А Кирьяков все рассказывает:
– Пришли в ад, повел черт кузнеца по геенне огненной, показывает все, а сам думает, что кузнец устрашится и назад запросится. А кузнец идет и хоть бы что ему, как дома себя чувствует. “Кому ад, а мне рай”, – говорит. Ходили они, ходили, черт и спрашивает кузнеца: “Ну как, страшно? Видишь, как грешники в смоле кипят?” Осерчал кузнец и говорит черту: “Иди ты к своей чертовой матери, не морочь мне голову. Вот я тебе покажу настоящий ад. Идем обратно на землю…”
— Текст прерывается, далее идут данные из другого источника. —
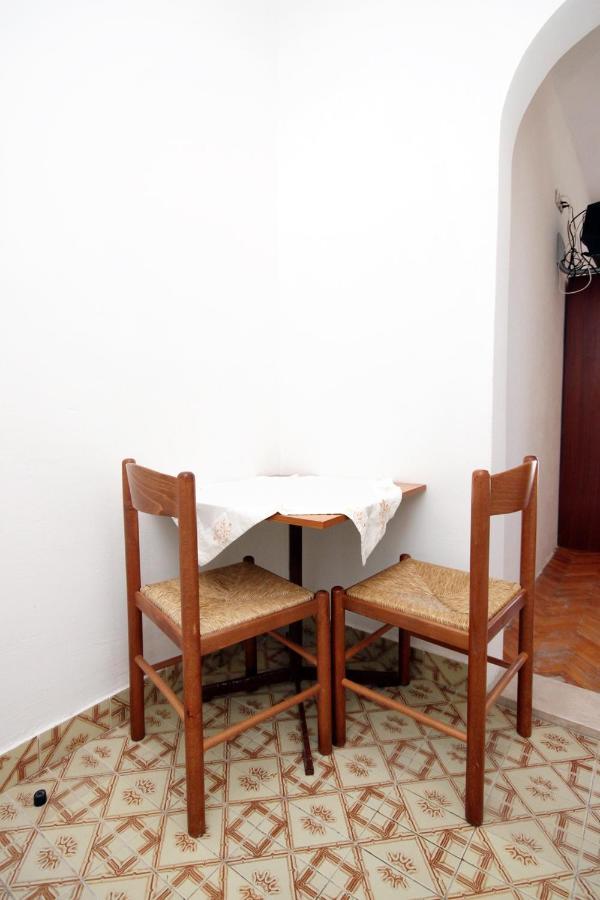 Apartments By The Sea Drvenik Donja Vala, Makarska - 6701 Екстериор снимка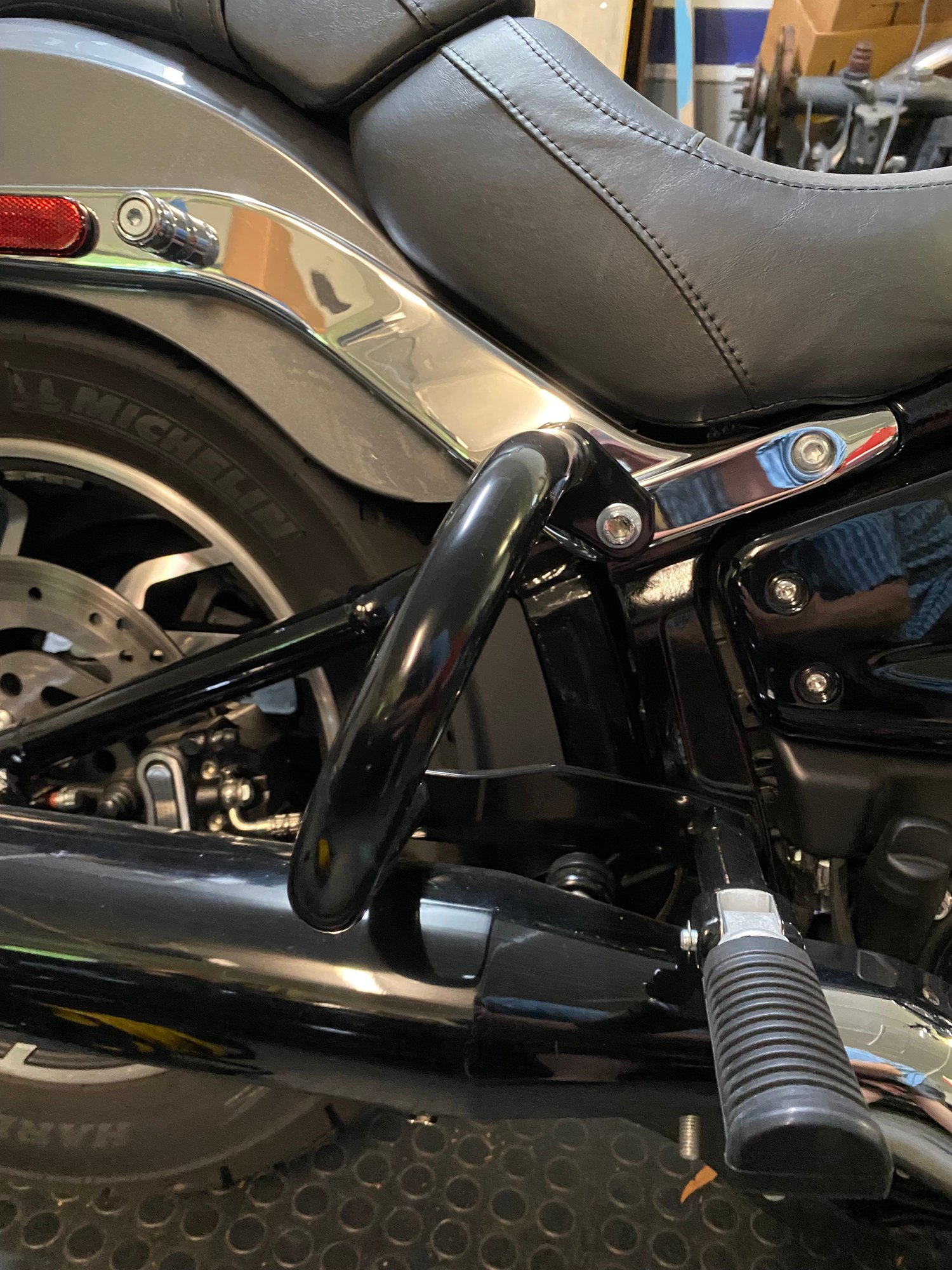 2021 Sport Glide, the mods start. 1st up saddle bag guards Harley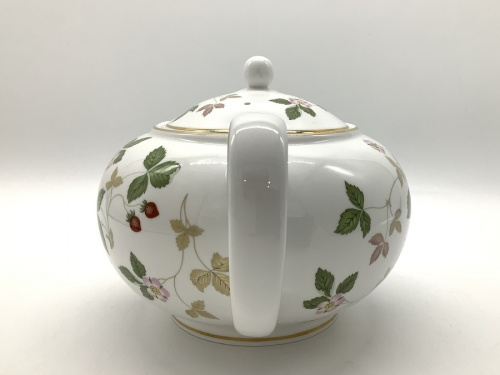 ティーポットのWEDGWOOD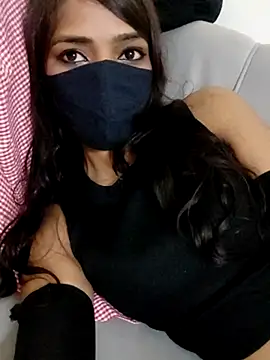 Hot-Roshni online show from July 2026 01:32:02 PM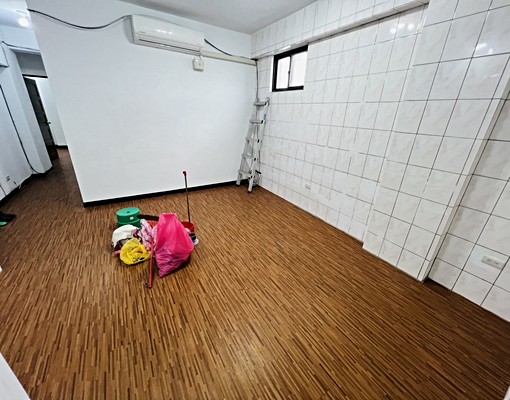 電梯優質三房-格局方正屋況優-台水電計價 - Image 2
Делаю я вид, что слушаю сказку, а сам совсем об ином думаю, и удивительно мне теперь, как я эту сказку на всю жизнь запомнил. Смотрю на своего знакомца и вижу – узнал он меня. Не только узнал, но и понимает, что я его тоже узнал. Смотрим мы друг на друга, точно ждем чего-то, и думаю я – кто первый из нас не выдержит.
– А что, – вдруг прерывает он хозяина, – конец этой сказке нескоро?
– Почему “нескоро”? – отвечает хозяин. – Близко конец. Самую малость досказать осталось. Потащил кузнец черта в кузницу. Пришли, идут, а в кузнице ночь черная от пыли да от сажи. Сто горнов горят, четыреста молотов стучат. Рабочие ходят, рожи у них, как полагается: нет кожи на роже. Кузнец впереди, черт позади. Тут начали железо из горна доставать и мастеру на лопате подавать. У черта искры из глаз посыпались, он уже и дышать не может. А тут еще беда: увидал хозяин кузнеца и закричал: “Ты что, черт, без дела расхаживаешь, морду побью!” Испугался черт, спрашивает кузнеца: “Что это он?” Покосился кузнец на черта. “Морды всем бить хочет, и тебе побьет”, – говорит…
Слышу я – стоит кто-то позади меня, дышит в затылок… Неужели, думаю, заметили что-нибудь? Неужели наши не могут подойти тихо? А сам смотрю на Кирьякова…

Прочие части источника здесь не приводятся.